But that did not stop them, and pipers consistently defied the order, knowing that the inspirational strain of the bagpipes galvanized their comrades.

Alistair McEwen - a historian who will be speaking at Piping Live about the role of pipers in combat - said it seemed that, whenever Scottish troops were flagging or struggling against the odds, a piper emerged and rallied the men.

When the pipers were killed, incredibly there were always fresh musicians to take their place.

Pipers - Highlanders, Lowlanders, or overseas Scots - accomplished the impossible, not rarely or just under favourable conditions, but almost as a matter of routine.

McEwen, who will make his own spoken tribute at the National Piping Centre in Glasgow, said: "Pipers can be proud of the part they played in the Great War.

"They have a long and honourable history. Wherever the troops were, the pipes were there as well. Pipers just didn't care about their own safety.

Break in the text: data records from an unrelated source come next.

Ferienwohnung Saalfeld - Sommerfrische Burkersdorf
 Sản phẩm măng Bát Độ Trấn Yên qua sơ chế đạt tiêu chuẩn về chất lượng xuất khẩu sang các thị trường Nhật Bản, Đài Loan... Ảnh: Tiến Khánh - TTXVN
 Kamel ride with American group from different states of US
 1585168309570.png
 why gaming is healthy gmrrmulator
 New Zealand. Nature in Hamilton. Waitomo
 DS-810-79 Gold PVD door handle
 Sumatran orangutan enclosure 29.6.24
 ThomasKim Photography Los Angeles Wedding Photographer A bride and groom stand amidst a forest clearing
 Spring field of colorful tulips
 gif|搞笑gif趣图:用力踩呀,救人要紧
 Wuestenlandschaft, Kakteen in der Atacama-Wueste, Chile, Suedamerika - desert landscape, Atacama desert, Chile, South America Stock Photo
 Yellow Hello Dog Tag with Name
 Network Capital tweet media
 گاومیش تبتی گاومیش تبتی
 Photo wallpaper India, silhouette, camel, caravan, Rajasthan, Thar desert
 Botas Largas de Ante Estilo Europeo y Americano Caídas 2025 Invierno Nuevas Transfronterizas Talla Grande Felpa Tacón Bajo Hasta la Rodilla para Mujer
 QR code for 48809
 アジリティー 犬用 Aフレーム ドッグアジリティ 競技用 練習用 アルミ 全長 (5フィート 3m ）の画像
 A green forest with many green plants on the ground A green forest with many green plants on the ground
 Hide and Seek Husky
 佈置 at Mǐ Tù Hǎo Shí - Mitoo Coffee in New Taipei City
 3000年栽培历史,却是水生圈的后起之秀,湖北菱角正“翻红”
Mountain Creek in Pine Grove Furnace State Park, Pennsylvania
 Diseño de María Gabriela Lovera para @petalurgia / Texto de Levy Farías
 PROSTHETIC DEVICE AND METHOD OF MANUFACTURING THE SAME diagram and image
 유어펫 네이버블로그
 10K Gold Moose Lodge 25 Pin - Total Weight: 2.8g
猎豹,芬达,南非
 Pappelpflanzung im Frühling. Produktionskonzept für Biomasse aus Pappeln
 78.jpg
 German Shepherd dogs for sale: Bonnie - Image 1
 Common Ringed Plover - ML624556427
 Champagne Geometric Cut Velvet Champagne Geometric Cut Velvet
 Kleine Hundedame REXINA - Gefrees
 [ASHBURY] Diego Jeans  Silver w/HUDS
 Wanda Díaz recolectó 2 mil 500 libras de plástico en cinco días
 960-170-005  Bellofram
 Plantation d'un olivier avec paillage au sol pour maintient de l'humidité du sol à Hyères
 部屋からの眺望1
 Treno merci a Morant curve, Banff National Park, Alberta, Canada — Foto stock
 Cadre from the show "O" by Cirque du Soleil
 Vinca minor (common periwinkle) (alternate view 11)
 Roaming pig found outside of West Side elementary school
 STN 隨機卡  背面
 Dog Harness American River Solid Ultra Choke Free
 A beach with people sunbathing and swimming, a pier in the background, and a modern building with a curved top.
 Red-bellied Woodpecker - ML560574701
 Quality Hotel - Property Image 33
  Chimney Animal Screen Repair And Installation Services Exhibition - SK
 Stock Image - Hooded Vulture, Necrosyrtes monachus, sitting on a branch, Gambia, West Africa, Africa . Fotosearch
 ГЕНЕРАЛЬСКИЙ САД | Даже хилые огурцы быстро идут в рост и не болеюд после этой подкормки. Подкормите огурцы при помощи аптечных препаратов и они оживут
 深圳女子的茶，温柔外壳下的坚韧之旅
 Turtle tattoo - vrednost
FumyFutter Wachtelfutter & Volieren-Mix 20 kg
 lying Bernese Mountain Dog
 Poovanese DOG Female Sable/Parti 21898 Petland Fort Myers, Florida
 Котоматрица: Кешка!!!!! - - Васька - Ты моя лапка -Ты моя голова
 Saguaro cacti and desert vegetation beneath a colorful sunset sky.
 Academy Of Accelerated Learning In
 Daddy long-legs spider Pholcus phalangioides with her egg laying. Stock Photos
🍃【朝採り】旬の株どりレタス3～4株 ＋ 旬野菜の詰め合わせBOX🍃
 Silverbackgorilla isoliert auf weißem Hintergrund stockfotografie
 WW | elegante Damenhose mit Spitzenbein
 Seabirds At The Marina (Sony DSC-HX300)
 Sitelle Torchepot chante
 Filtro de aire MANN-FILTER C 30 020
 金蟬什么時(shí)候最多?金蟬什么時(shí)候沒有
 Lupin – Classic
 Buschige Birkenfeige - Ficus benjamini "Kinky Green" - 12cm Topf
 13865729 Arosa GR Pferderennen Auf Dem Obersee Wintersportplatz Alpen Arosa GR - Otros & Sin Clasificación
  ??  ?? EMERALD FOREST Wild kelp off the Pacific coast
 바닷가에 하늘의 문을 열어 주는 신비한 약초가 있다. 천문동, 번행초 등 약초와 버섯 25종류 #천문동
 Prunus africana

"Just before the war even got started, they were trying to make the British army into a khaki army, with uniformity of clothing and equipment. But when the war started the Scottish troops weren't having it. Scottish regiments kept the kilt and had special kilts made to cover the normal kilts

"You could say the role of the pipes in Scottish folklore was reinforced with what went on during the war. There are so many stories of what these men did. They just got up out the trench, they could see the men were flagging, or hesitating, and the piper would get up and start playing and the blood got fired up and off the guys went, quite often accompanied by the piper."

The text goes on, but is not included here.